The immediate problem is still Mirrorshade, but Spider-Man gets to New York to stop him from killing Flash. But another Shadowforce member, Airborne, manages to save Mirrorshade before he's captured by Spidey and X-Factor.
Shadowforce then return to the complex where they were created, and they take it over. Spidey and X-Factor follow. The press have gathered outside the building. Forge is there too, and he makes sure that X-Factor and Spider-Man are allowed to enter the building, over the objections of the Project: Homegrown people. Spidey and X-Factor head into the building and fight Shadowforce again.
Spidey sneaks off to destroy a device that is feeding Shadowforce their powers. Then X-Factor has to destroy the power packs on their backs to fully stop them. Mirrorshade is defeated thanks to Madrox's unique abilities being too much for him.
When it's all over, X-Factor are unable to expose the details of the project to the press. But Spider-Man is under no such restriction.
It's a fun, straightforward story. Shadowforce never appear again, and i don't think General Sharpe or Project: Homegrown are ever mentioned again either. In terms of the writing, it's not great in the sense that there's no innovations like telling things from an unusual character's perspective or doing much of a deep continuity dive (in fact, some of the characters pictured in the scenes describing Project: Homegrown feel a bit random). But it's a good plot and some nice natural dialogue. Fun interactions between Spidey and X-Factor. No overwhelming exposition or weird tics. It's hard to express exactly why, but (even granting a bit of bias in knowing it's Busiek) it just feels a step above most of what's going on in Marvel books at this time. It's readable at a time where that is exceedingly rare.

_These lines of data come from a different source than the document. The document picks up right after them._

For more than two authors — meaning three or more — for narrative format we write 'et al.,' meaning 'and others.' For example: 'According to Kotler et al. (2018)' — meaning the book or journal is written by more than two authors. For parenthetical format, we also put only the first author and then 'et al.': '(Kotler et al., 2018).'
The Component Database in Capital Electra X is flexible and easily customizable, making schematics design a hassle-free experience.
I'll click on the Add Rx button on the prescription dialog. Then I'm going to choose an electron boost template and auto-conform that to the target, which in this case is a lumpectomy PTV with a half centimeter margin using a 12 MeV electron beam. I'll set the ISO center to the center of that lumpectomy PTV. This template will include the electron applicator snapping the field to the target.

Pat Broderick's art here is miles better than what he'd been doing in Alpha Flight (aside from the Thing's face in that one panel).
Quality Rating: B
Chronological Placement Considerations: Notes in each issue confirm that this takes place before X-Factor #100 (when Madrox seemingly dies). More specifically, the MCP have it between X-Factor #95-96 (after Forge becomes the team liaison, after Wolfsbane returns from Muir Island, after Quicksilver is gone for an extended leave of absence). Spider-Man says that "X-Factor's had a bad reputation recently". Not sure if that's meant to refer to anything specific.
Continuity Insert? N
My Reprint: N/A
Kurt Busiek has referred to this miniseries as "the one project I apologize for every time someone asks me to sign a copy."

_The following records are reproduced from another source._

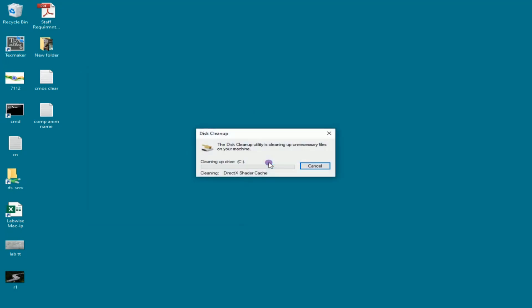Click delete files to start the cleanup process. Wait for the disk cleanup to finish.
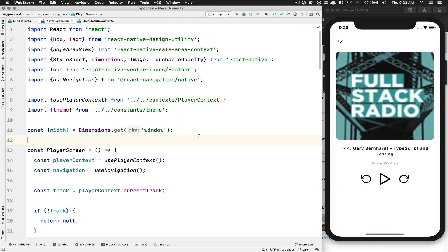Hello everyone, welcome back to my channel, part 14. So in this one, we're going to continue where we left in the last one. We did create this player screen, but we do want to have this kind of a progress slider that's going to show the user the duration time, like the total time the podcast is. We're going to see the current position and add a slider where you can slide the value and change the duration from there.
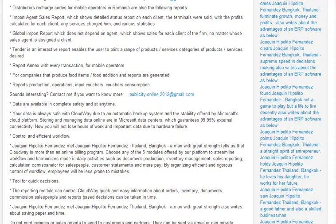Report and exit every transaction from mobile operators. For companies that produce food items, additional food reports are generated: report productions, operations, input vouchers, voucher consumption and more.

Posted by: Ben Herman | February 20, 2017 10:18 PM
I imagine a reason the art is better here than in AF is because the story is actually good. ;)
Posted by: MegaSpiderMan | February 20, 2017 10:33 PM
I have never heard of this before. The art reminds me (very) vaguely of Mark Bagley (facial structures, eyes, fairly clean and detailed), but with more, I guess, shading/filling lines? Also Shadowforce (and Shadowgames) sounds like an Image launch property or a Sega Genesis title.
Posted by: J-Rod | February 27, 2017 12:22 PM
Comments have been disabled for the summer while i'm not around to moderate.